Les commandants de gendarmerie, Jean Noël Abehi et Anselme Seka Seka séjournent désormais au camp pénal de Bouaké, où ils ont été transférés fin avril dernier, après plusieurs mois de détention au secret à Abidjan, depuis leur arrestation et extradition vers la Côte d'Ivoire.
Avec eux, Amadé Ouéremi, l’ex-seigneur de guerre du mont Peko à l'Ouest, qui lui a été envoyé à la Maison d’arrêt et de correction de Dimbokro. Trois autres détenus, dont les noms sont restés secrets, ont connu le même sort, le tout dans la stricte discrétion, du fait de la sensibilité des dossiers en question. Le hic cependant, c'est que ces transfèrements du Sud vers le Nord prennent le contresens des mouvements de prisonniers observés jusqu'ici.

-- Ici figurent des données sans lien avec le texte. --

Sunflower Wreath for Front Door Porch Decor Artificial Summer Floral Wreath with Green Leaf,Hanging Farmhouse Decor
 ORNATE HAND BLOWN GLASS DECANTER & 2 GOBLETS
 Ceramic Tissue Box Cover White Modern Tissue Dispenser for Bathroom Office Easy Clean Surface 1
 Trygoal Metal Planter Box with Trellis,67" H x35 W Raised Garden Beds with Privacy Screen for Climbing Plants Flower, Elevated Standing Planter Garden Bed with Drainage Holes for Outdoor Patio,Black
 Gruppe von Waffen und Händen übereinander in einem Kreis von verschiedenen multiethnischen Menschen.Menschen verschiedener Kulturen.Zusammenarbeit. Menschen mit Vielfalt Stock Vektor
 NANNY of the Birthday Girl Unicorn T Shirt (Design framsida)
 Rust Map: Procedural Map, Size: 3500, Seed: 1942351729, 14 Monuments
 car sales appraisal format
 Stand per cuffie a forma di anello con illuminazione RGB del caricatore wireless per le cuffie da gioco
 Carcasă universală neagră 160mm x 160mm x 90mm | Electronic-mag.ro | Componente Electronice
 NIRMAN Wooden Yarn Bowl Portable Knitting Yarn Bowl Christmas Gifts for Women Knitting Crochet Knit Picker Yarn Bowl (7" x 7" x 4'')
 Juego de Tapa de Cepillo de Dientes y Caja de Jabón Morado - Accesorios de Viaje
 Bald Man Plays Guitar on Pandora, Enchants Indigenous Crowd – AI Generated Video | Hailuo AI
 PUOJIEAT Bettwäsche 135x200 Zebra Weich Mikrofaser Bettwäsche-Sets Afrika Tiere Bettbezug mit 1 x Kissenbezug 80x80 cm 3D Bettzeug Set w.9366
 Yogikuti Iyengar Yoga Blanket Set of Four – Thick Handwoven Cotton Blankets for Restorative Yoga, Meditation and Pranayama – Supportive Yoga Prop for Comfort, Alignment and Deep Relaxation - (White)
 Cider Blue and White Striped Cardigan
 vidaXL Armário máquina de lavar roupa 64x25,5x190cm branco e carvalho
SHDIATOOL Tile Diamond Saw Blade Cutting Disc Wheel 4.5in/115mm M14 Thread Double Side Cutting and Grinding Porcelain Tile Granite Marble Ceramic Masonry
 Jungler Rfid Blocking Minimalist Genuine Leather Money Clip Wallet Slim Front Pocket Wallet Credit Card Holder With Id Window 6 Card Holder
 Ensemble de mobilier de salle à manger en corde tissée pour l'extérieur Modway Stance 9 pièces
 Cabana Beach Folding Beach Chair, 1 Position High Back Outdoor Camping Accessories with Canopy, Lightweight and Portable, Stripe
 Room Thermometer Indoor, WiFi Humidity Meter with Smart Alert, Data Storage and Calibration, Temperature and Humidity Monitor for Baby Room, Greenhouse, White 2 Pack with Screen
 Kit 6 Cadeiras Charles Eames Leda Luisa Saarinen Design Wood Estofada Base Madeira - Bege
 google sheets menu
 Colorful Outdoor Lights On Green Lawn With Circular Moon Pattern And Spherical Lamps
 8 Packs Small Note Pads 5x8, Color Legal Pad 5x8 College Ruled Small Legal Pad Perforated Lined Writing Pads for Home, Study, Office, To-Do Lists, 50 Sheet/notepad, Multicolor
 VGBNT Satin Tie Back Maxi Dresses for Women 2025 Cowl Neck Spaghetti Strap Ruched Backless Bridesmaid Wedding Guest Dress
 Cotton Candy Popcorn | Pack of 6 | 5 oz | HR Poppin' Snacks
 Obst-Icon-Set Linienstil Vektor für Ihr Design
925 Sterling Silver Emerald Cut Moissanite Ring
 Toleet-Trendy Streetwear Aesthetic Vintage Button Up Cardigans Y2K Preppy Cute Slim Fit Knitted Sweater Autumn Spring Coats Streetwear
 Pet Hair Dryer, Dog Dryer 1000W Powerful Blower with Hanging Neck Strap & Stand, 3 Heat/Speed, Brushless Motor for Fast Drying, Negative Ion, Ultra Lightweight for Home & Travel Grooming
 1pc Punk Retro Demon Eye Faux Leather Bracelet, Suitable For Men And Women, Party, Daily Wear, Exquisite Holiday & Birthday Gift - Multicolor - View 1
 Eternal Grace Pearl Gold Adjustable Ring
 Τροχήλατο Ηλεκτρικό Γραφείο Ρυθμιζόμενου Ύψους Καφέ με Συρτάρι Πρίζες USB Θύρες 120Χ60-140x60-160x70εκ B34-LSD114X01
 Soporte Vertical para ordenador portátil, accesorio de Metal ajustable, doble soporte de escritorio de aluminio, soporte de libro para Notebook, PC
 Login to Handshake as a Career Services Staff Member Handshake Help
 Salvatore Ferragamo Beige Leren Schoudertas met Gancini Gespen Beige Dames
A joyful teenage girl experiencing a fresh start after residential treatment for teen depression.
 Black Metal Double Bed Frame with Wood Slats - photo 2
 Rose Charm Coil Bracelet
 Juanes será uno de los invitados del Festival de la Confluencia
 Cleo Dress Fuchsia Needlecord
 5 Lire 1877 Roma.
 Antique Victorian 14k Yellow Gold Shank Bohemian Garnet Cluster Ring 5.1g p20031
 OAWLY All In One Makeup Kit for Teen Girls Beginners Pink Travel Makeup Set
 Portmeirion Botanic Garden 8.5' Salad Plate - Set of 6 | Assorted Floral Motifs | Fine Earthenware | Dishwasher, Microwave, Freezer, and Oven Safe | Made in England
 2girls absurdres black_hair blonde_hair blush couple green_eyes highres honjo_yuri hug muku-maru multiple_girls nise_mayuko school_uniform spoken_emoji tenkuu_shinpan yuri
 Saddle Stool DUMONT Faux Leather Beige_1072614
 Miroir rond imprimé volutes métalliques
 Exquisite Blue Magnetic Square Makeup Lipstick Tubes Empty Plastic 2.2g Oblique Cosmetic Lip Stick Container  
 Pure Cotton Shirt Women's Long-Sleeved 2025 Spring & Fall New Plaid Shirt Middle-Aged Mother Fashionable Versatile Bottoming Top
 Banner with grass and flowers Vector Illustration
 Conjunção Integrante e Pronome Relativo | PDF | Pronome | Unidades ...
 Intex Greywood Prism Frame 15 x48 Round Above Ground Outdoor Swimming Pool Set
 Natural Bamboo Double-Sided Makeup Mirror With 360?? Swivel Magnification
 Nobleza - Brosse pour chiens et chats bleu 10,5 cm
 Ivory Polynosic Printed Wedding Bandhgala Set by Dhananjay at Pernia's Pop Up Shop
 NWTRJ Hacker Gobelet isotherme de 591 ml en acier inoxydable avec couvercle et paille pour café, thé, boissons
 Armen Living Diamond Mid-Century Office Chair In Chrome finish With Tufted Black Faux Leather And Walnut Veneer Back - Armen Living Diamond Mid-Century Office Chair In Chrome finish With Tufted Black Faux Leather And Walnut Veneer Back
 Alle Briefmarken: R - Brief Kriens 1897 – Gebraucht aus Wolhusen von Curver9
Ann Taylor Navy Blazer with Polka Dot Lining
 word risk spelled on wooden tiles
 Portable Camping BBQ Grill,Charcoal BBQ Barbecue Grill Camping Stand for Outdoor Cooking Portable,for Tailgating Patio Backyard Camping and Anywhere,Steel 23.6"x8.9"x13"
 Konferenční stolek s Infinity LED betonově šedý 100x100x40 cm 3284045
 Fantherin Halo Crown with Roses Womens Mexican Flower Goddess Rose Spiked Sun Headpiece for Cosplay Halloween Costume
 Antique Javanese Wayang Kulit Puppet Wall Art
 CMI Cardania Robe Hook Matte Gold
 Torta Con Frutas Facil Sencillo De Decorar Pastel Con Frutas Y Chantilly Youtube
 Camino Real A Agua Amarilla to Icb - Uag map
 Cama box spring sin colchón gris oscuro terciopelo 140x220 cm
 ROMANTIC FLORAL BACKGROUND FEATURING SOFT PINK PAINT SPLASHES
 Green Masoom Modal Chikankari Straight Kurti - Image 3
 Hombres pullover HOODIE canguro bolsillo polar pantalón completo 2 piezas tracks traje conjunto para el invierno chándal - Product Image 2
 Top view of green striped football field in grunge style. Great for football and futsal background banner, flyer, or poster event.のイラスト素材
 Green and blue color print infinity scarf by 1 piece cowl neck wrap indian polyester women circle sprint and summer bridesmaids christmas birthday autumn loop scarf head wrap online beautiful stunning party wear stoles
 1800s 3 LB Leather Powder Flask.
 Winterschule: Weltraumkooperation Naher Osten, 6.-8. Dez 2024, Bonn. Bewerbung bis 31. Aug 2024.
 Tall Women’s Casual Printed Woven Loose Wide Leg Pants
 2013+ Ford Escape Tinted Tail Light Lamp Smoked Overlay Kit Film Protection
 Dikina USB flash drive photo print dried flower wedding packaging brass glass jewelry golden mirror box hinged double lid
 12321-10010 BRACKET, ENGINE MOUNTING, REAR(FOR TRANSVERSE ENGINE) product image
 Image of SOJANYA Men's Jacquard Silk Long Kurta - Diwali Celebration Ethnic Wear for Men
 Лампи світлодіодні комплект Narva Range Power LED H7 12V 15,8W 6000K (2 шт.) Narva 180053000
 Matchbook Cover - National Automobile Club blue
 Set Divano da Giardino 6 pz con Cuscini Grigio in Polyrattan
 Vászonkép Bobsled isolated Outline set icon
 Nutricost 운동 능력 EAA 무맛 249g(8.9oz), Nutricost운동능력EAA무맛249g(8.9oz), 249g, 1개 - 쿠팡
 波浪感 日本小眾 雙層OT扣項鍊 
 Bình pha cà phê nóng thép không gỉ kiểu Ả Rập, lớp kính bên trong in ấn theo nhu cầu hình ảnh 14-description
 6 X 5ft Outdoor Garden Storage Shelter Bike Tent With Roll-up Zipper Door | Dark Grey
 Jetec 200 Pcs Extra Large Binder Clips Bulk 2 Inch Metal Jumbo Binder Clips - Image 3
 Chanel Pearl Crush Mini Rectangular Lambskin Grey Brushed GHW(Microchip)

Par le passé, c’est plutôt du Nord de la Côte d'Ivoire, où les prisonniers de la crise post-électorale ont été envoyés, qu'ils sont convoyés vers le Sud, précisément à la Maison d’arrêt et de correction d’Abidjan (Maca). Certains pour des questions de jugement, d’autres pour des raisons sécuritaires et de santé. Qu’est-ce qui peut donc expliquer leurs transfèrements récents vers des prisons de haute sécurité de Côte d’Ivoire au Nord ? Une source bien au fait du système judiciaire et pénitentiaire ivoirien, que nous avons jointe mais qui a voulu garder l’anonymat, explique : «
Il y a deux sortes de transfèrement. La première est le transfèrement judiciaire, c'est-à-dire celui qui est ordonné par les magistrats, notamment par le parquet ou les juges d’instruction.Et la seconde est administrative, ordonnée par l’administration pénitentiaire pour des motifs de santé, d’ordre public, de sécurité et d’autres motifs ».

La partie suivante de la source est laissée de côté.